Monaghan was the most central of a line of English garrisons along what the Dublin administration liked to think of as a Hadrian’s Wall dividing the north of Ireland from civilised territory; except that there was no wall, just isolated forts, and very few of those. Nevertheless the Irish, and especially the O’Neill, whose territory they encroached on, found their presence an insult; the Armagh garrison, for instance, occupied one of the country’s oldest and most sacred cathedrals, a hill site presented to St Patrick himself by Queen Macha. And in the last ten years the English had been edging the invisible wall northwards. Another fort had been built above Armagh on the River Blackwater, and others were planned to fill the gaps, when and if Elizabeth sanctioned the cost of building them.
Lately the clans had been giving more trouble than usual.
The marshal was marching in the usual three divisions of vanguard, battle and rearward, with himself and other officers in the rear. The vanguard, the point of least danger, if there was danger, consisted largely of raw recruits fresh out from England, but to counteract their inexperience the column contained some of the 2,000 veterans whom Elizabeth had recently recalled from Brittany to stiffen her Irish army.
On the
second day’s march the howling began. Even the Brittany veterans, used to battle, were unsettled by an apparently empty countryside wailing as if the hills and trees had voice; the recruits were badly shaken. From nowhere a band of Irish shot appeared ahead of the van, firing with rapidity and accuracy. The English recruits crumbled at once and a company of veterans, musket and pike, had to rush forward to steady them. As fast as they’d come, the Irish disappeared.
The column reached Monaghan without further incident. The fort was built with the stones of an abbey the English had pulled down for the purpose.

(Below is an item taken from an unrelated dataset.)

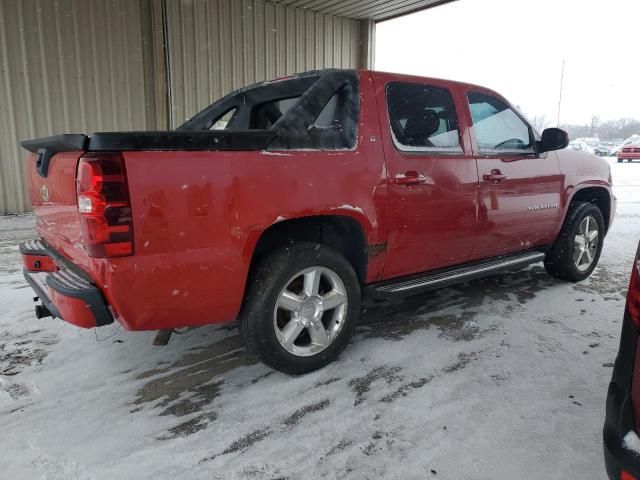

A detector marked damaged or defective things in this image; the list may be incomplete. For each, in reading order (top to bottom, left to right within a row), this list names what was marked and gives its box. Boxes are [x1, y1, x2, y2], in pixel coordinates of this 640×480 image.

damaged rear bumper [19, 238, 114, 328]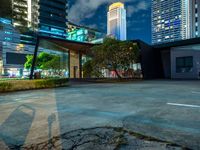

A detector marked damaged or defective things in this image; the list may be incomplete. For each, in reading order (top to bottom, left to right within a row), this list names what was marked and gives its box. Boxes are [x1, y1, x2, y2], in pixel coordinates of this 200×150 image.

cracked concrete ground [0, 80, 199, 149]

Supplies were carried into the quartermaster’s storehouse, wounded seen to, the dead buried, weapons cleaned. They’d already burned a good deal of their powder.
The next day, at ten in the morning, the English left a fresh company in the garrison and began their return march. This time there was a better distribution of officers and men. Bagenal moved up to the vanguard, and two of the Brittany officers took command in the battle and rear with the recruits.
Without heavily laden wagons to slow it down the column stepped out briskly into a sunny morning and a nightmare. Three miles out from Monaghan the howling began again. There was nothing to be seen except echoing hills and the trembling reeds of bog, but from either side of the column the bog began to spit fire. Suddenly up ahead were what appeared to be 300 English soldiers, red-coated, firing English calivers. To be attacked by doppelgangers broke the already stressed recruits, who ran and had to be replaced by the battle division. Then the red-coats had gone, as if a mirror had shattered. Silence fell over the pretty countryside, birdsong came back. Bagenal ordered the march to continue.
Ahead was a stream and on its far bank, in full view, was a horseman. They said later he shouted: ‘Let it be seen today whether the queen or I own Ulster.’ The O’Neill had finally declared himself.